TRAIN_TEST_RATIO = 0.8
TRAIN_TEST_SPLIT_POINT = int(numeric_data.shape[0] * 0.8)

train_data = numeric_data[:TRAIN_TEST_SPLIT_POINT]
train_time_data = time_data[:TRAIN_TEST_SPLIT_POINT]
print(f"\nTest data shape: {train_data.shape}")
print(f"Sample values: {numeric_data[0]}")

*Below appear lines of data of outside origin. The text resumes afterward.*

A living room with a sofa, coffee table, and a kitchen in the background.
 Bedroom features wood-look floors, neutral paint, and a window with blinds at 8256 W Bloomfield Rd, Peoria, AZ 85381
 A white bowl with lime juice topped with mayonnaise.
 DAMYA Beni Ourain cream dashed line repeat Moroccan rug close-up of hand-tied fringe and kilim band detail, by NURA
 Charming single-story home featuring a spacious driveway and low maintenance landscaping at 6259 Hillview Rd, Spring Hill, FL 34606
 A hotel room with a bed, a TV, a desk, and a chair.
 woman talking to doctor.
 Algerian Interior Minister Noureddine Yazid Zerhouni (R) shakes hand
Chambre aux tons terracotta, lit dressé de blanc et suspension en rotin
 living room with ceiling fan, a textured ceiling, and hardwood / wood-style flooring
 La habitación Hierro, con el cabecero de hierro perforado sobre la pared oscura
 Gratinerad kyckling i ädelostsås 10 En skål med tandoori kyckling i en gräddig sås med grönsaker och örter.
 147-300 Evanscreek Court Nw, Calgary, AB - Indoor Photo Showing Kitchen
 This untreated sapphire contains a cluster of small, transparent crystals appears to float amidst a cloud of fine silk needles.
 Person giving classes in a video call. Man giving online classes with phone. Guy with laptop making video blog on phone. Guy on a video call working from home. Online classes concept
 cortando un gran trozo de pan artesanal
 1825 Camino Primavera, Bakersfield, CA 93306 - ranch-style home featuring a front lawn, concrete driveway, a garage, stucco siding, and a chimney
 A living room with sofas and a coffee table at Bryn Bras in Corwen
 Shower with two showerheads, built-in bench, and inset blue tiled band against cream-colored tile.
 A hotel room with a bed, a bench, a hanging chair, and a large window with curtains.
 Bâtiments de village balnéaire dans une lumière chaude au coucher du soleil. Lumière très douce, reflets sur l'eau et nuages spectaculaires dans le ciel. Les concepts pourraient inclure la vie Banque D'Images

test_data = numeric_data[TRAIN_TEST_SPLIT_POINT:]
test_time_data = time_data[TRAIN_TEST_SPLIT_POINT:]
print(f"\nTrain data shape: {test_data.shape}")
print(f"Sample values: {numeric_data[0]}")

In [None]:
TRAIN_ENV_KW = {
    "total_liquidity": 1e17,
    "gas_cost": 5.0,
    "fee_tier": 0.0005,
    "max_steps": train_data.shape[0],
    "start_index": 0
}

num_samples=20
experiment_name="ppo_univ3_search_1"
storage_root="./ray_results"

In [None]:
results, best = tune_ppo_with_ray(
    train_data=train_data,
    train_time_data=train_time_data,
    TRAIN_ENV_KW=TRAIN_ENV_KW,
    num_samples=num_samples,                             
    experiment_name=experiment_name,          
    storage_root=storage_root,             
    param_space=None                           
)

In [None]:
TRAIN_ENV_KW = {
    "total_liquidity": 1e17,
    "gas_cost": 5.0,
    "fee_tier": 0.0005,
    "max_steps": train_data.shape[0],   # your env uses max_steps (not max_step)
    "start_index": 0
}

TEST_ENV_KW = {
    "total_liquidity": 1e17,
    "gas_cost": 5.0,
    "fee_tier": 0.0005,
    "max_steps": test_data.shape[0],
    "start_index": 0
}

result_root="./result"
experiment_dir=None   # or provide a specific path to your dqn_univ3_search
action_dim=5


In [None]:
res1 = best_ppo_rollout(
    train_data, train_time_data,
    test_data,  test_time_data,
    TRAIN_ENV_KW, TEST_ENV_KW,
    result_root="./result",                
    experiment_dir=None,               
    action_dim=5                          
)

train_result1 = res1["train"]["dataframe"]
test_result1 = res1["test"]["dataframe"]
all_result1 = pd.concat([train_result1, test_result1])
all_result1

In [None]:
t = train_result1["time"]
y = train_result1["cum_reward"]
a = train_result1["allocation_ratio"]

fig = pnl_plot(t, y, a,
                top_title="Reward Trajectory (Train)",
                bottom_title="Action",
                vx=False
                )
fig.show()


In [None]:
t = test_result1["time"]
y = test_result1["cum_reward"]
a = test_result1["allocation_ratio"]

fig = pnl_plot(t, y, a,
                top_title="Reward Trajectory (Test)",
                bottom_title="Action",
                vx=False
                )
fig.show()


In [None]:
t = all_result1["time"]
y = all_result1["step_reward"].cumsum()
a = all_result1["allocation_ratio"]

fig = pnl_plot(t, y, a,
                top_title="Reward Trajectory (All)",
                bottom_title="Action"
                )
fig.show()


## 2. Essential Features and Microstructure Features

In [None]:
# Extract numeric features for the environment (excluding time column)
numeric_data = data[ESSENTIAL_FEATURES+MICROSTRUCTURE_FEATURES].values
time_data = data[["time"]].values
print(f"\nNumeric data shape: {numeric_data.shape}")
print(f"Sample values: {numeric_data[0]}")

TRAIN_TEST_RATIO = 0.8
TRAIN_TEST_SPLIT_POINT = int(numeric_data.shape[0] * 0.8)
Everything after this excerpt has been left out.